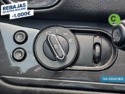 144af669-b0ae-d691-510e-2035d3175928_original MINI Countryman Cooper D 110 kW (150 CV) - 32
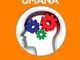Fisiologia umana
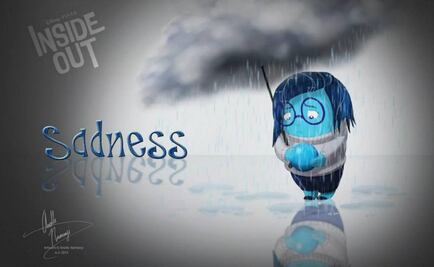 Elogian a "Inside Out", el nuevo filme de Pixar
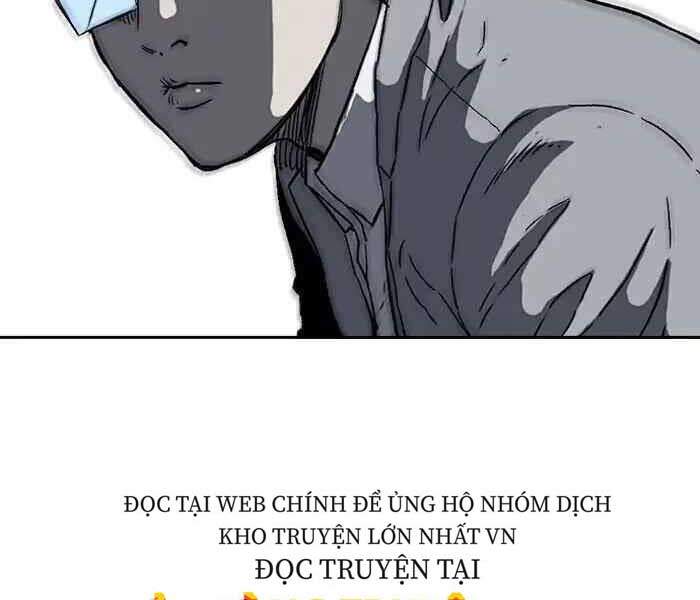 thể thao cực hạn Chapter 233 - Next chapter 234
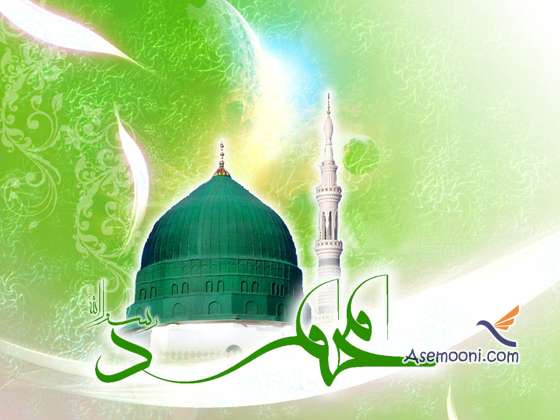 معراج پیامبر در شب 17 رمضان (پنج سال پس از بعثت) و به قول دیگر شب 21 ماه رمضان معراج پیامبر در شب 17 رمضان (پنج سال پس از بعثت) و به قول دیگر شب 21 ماه رمضان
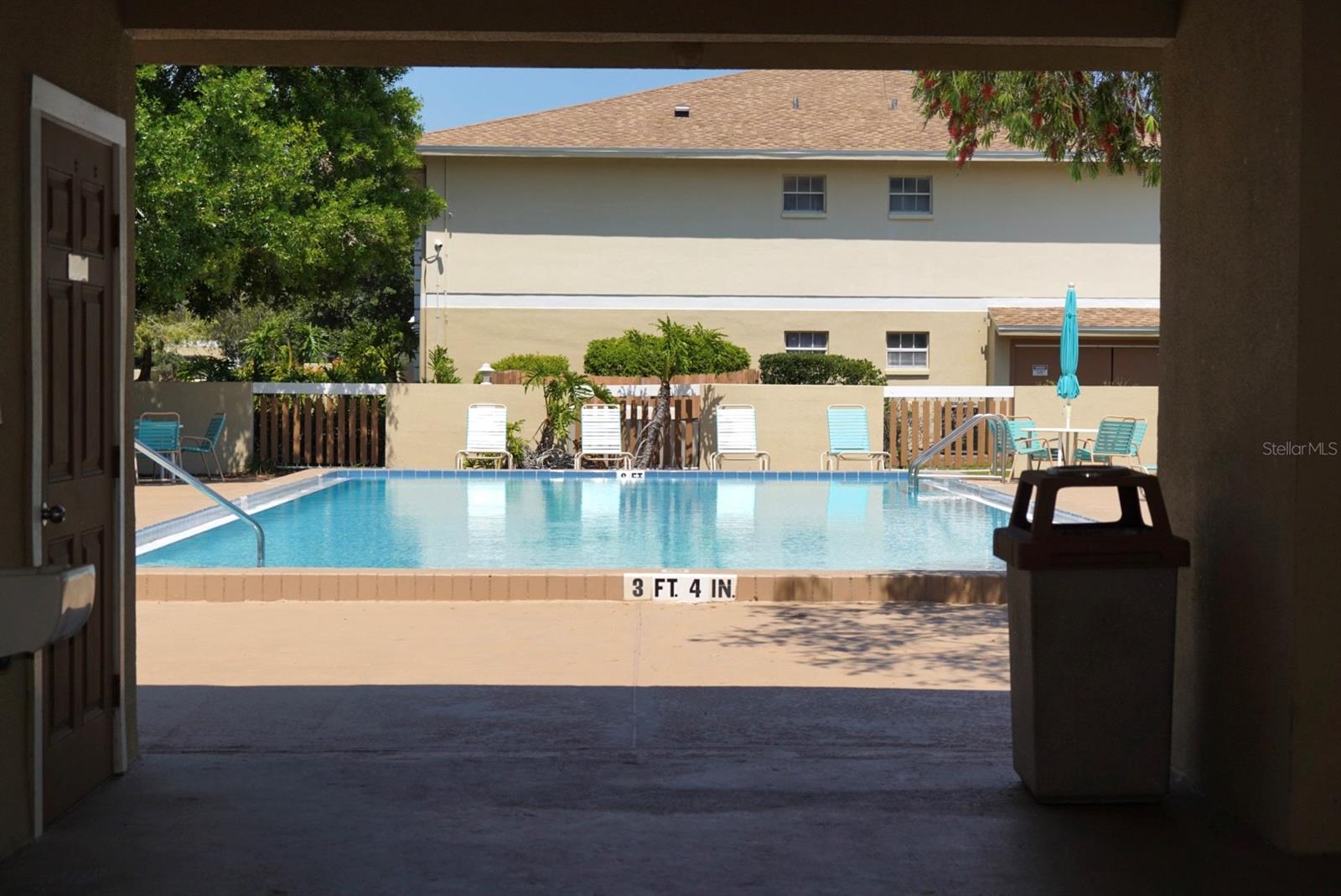 Image 9 of 10 For 1664 Sunny Brook Lane Ne 103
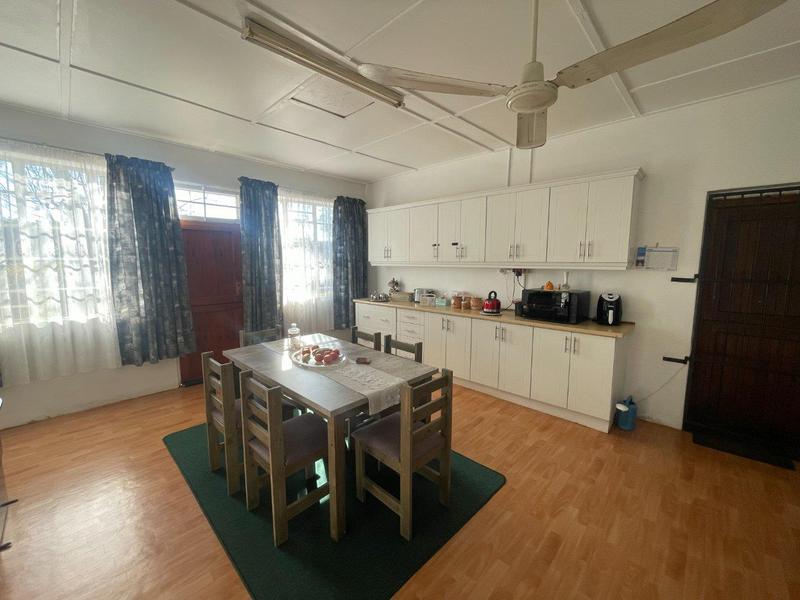 4 Bedroom Property for Sale in Greytown KwaZulu-Natal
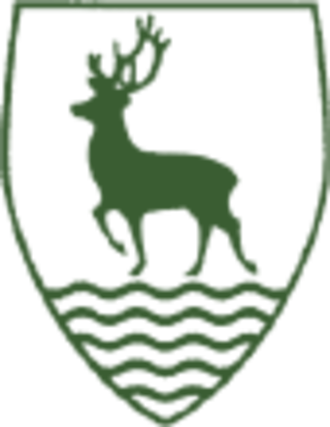 Simon Balle School - Simon Balle School (330x427)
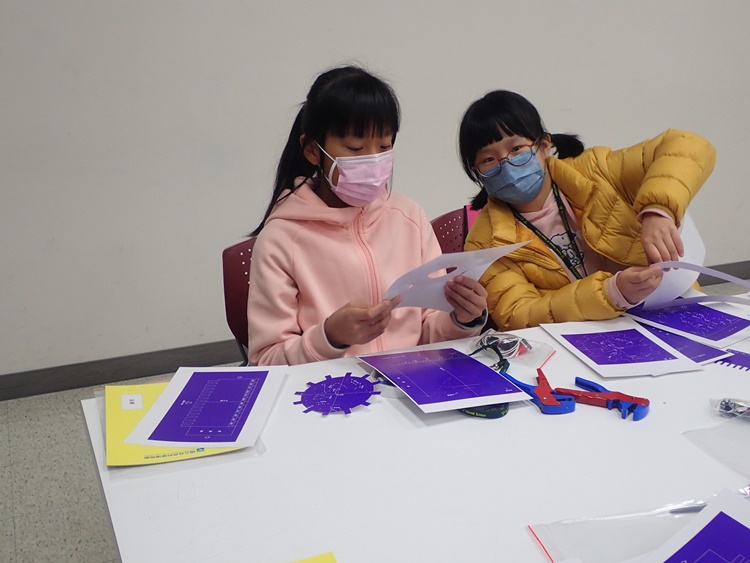 2022寒假天文動手做大補帖研習(1/29)-圖片113
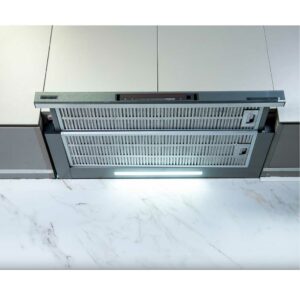 Máy hút mùi Grandx GX GX H70F72G( SG)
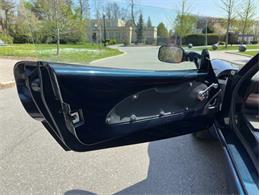 2000 Lotus Elise (CC-2054786) for sale in Dripping Springs, Texas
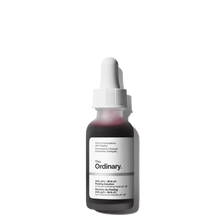 AHA 30% + BHA 2% Peeling Solution L9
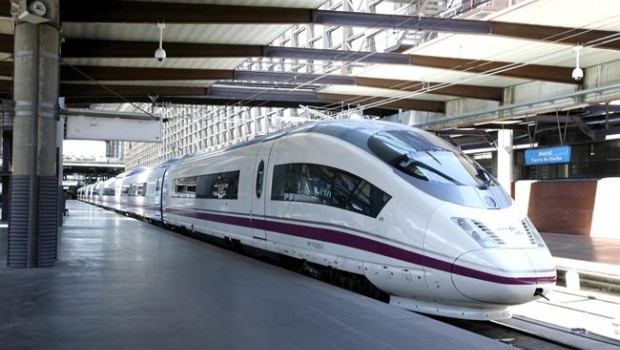 ep tren avesiemens velaro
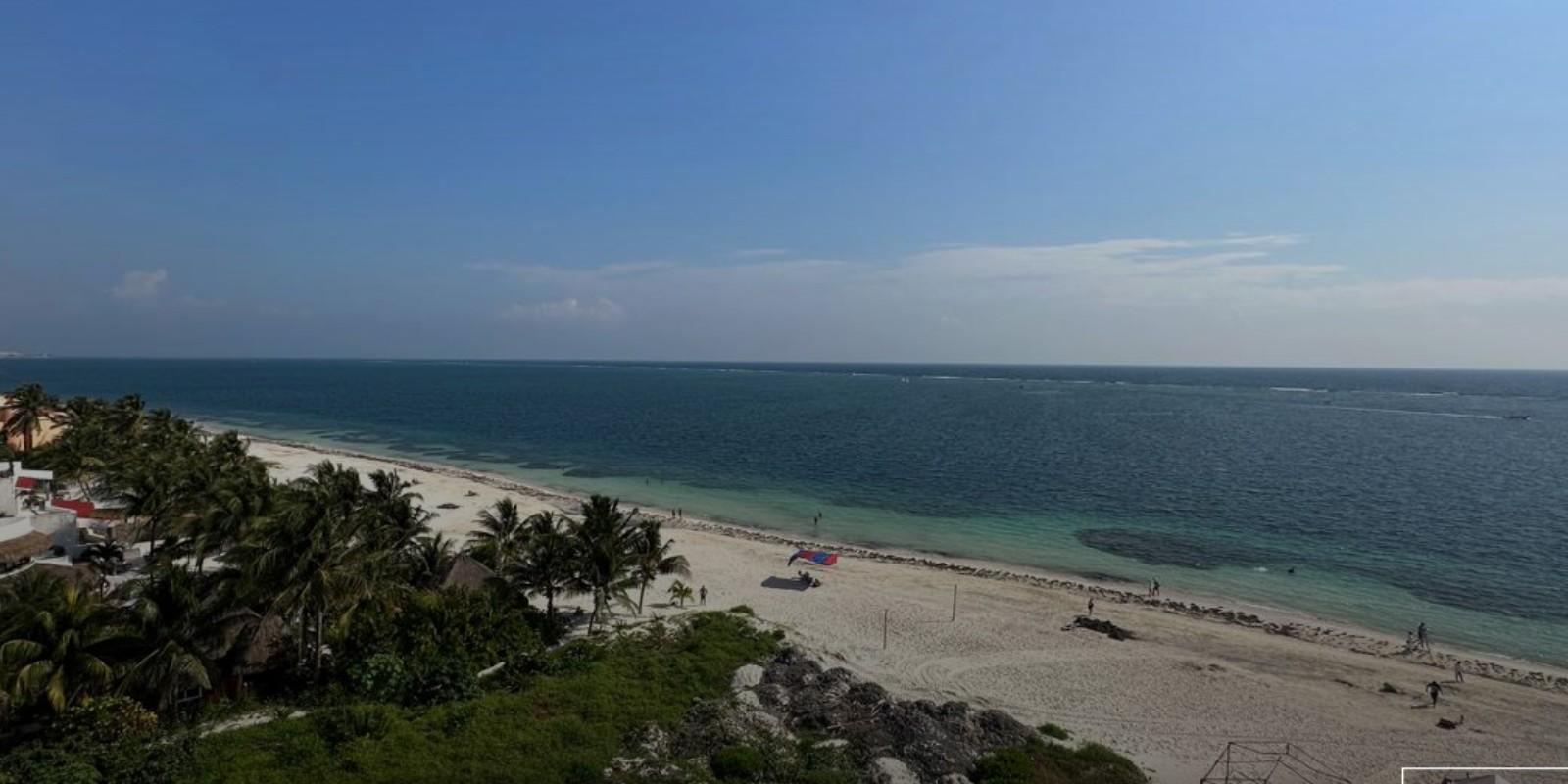 Merge Caribeño: Inversión en Bienestar que Maximiza tu Productividad en Cancún o Puerto Morelos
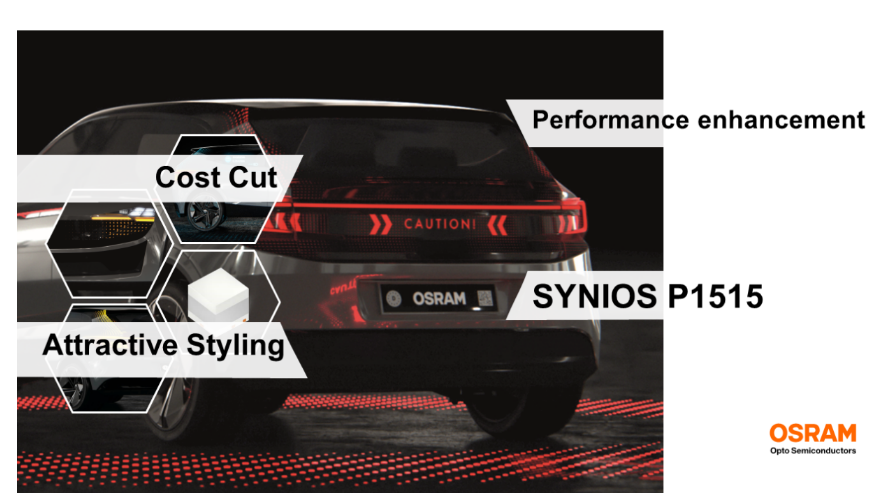 image.png?imageView2/2/w/1000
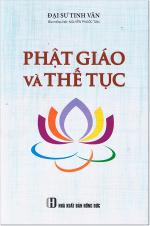 phat-giao-va-the-tuc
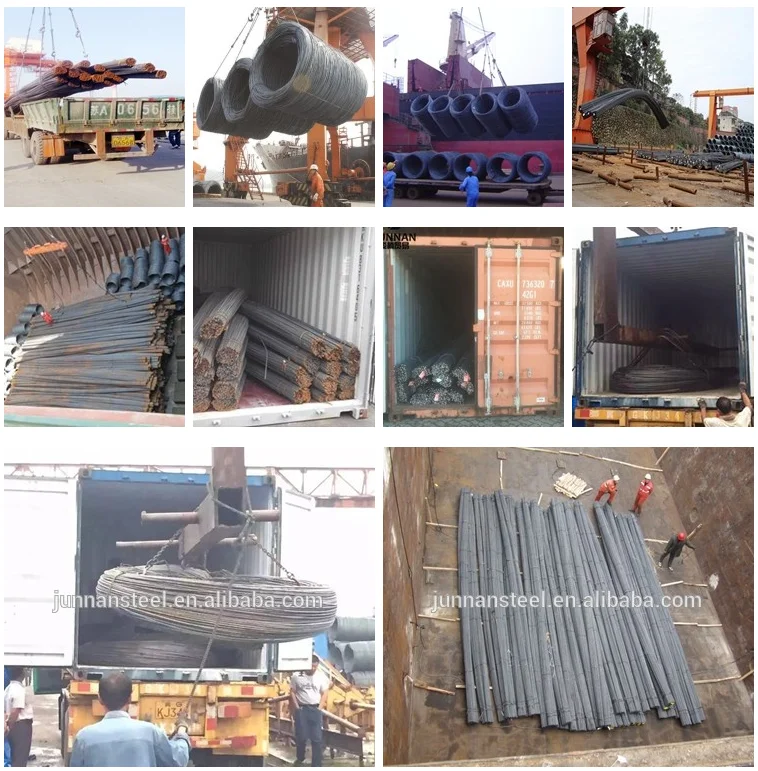 packing and shipping-rebar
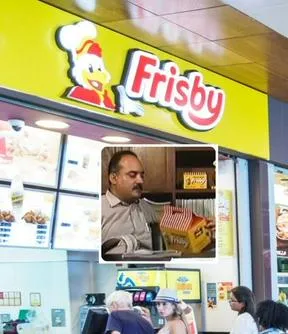 Imagen representativa del artículo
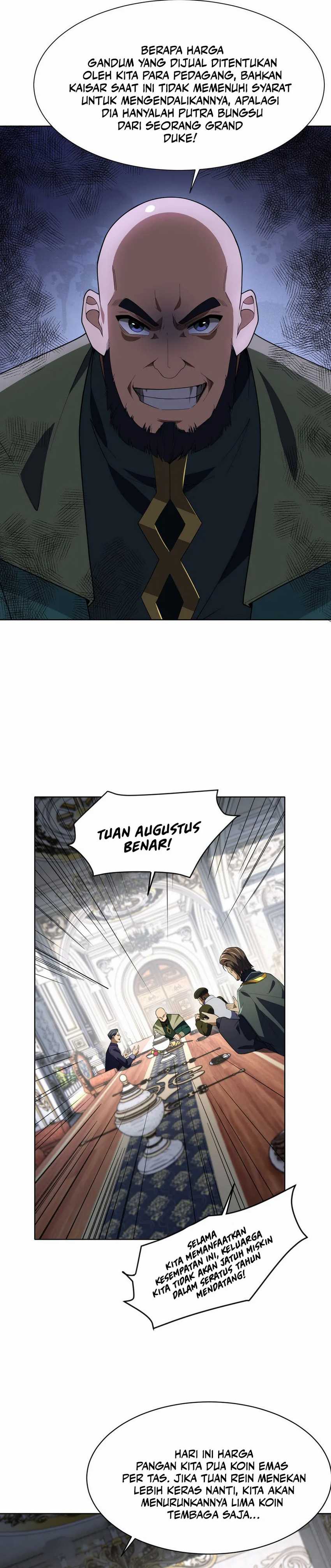 image-komik-i-build-an-industrial-empire-on-the-magic-continent-chapter-11-10/19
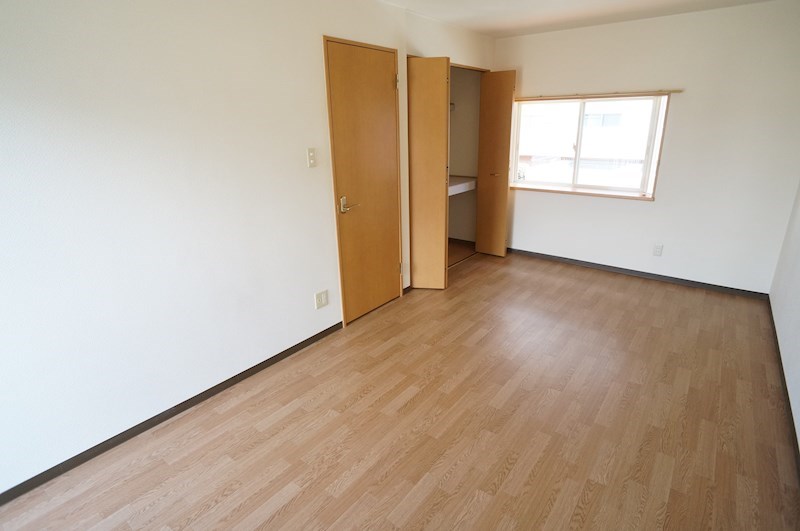 アーバンライフ新賀Ⅱ その他12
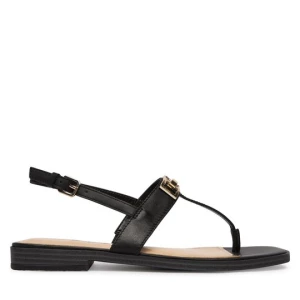 Obrázek produktu Sandály Guess FLJRMY LEA03 Černá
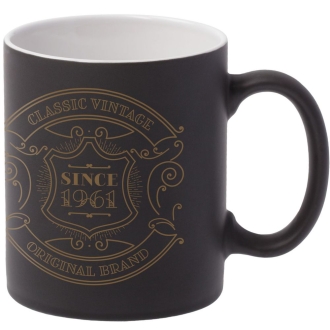 Изображение №3 | Юбилейный набор «Рожденные в 1961», средний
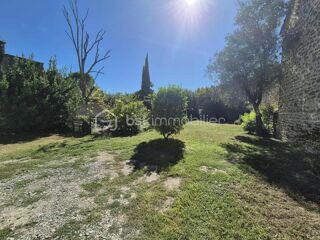  Terrain � vendre 325 m�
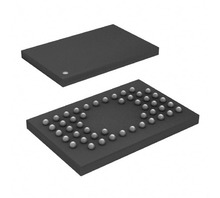 SST39VF400A-70-4I-M1QE Image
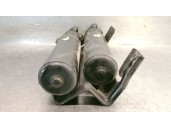 Recambio de bomba suspension para audi a4 b8 avant (8k5) rs4 quattro referencia OEM IAM 8K0616813B 8K0616887 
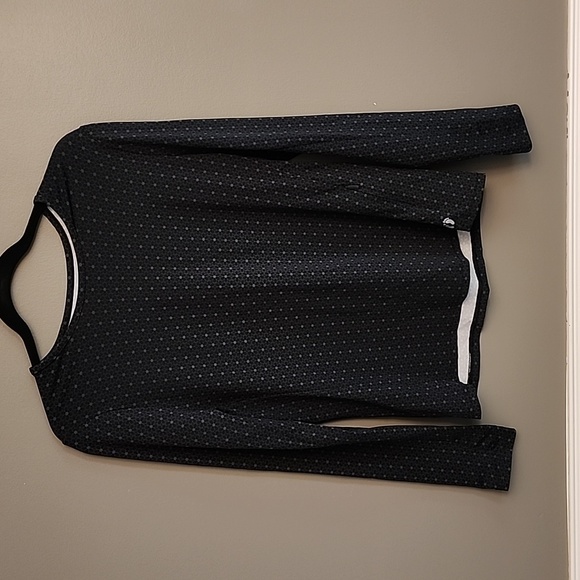 Hang Ten Other - Hang Ten womens sun protection long sleeve shirt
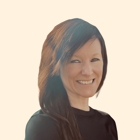 Ashlee Kinas, Counselor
____________
REQUIRED ACTION
From the material above, copy everything exactly but the pictures.

YOUR RESPONSE
 144af669-b0ae-d691-510e-2035d3175928_original MINI Countryman Cooper D 110 kW (150 CV) - 32
Fisiologia umana
 Elogian a "Inside Out", el nuevo filme de Pixar
 thể thao cực hạn Chapter 233 - Next chapter 234
 معراج پیامبر در شب 17 رمضان (پنج سال پس از بعثت) و به قول دیگر شب 21 ماه رمضان معراج پیامبر در شب 17 رمضان (پنج سال پس از بعثت) و به قول دیگر شب 21 ماه رمضان
 Image 9 of 10 For 1664 Sunny Brook Lane Ne 103
 4 Bedroom Property for Sale in Greytown KwaZulu-Natal
 Simon Balle School - Simon Balle School (330x427)
 2022寒假天文動手做大補帖研習(1/29)-圖片113
 Máy hút mùi Grandx GX GX H70F72G( SG)
 2000 Lotus Elise (CC-2054786) for sale in Dripping Springs, Texas
 AHA 30% + BHA 2% Peeling Solution L9
 ep tren avesiemens velaro
 Merge Caribeño: Inversión en Bienestar que Maximiza tu Productividad en Cancún o Puerto Morelos
 image.png?imageView2/2/w/1000
 phat-giao-va-the-tuc
 packing and shipping-rebar
 Imagen representativa del artículo
 image-komik-i-build-an-industrial-empire-on-the-magic-continent-chapter-11-10/19
 アーバンライフ新賀Ⅱ その他12
 Obrázek produktu Sandály Guess FLJRMY LEA03 Černá
 Изображение №3 | Юбилейный набор «Рожденные в 1961», средний
  Terrain � vendre 325 m�
 SST39VF400A-70-4I-M1QE Image
 Recambio de bomba suspension para audi a4 b8 avant (8k5) rs4 quattro referencia OEM IAM 8K0616813B 8K0616887 
 Hang Ten Other - Hang Ten womens sun protection long sleeve shirt
 Ashlee Kinas, Counselor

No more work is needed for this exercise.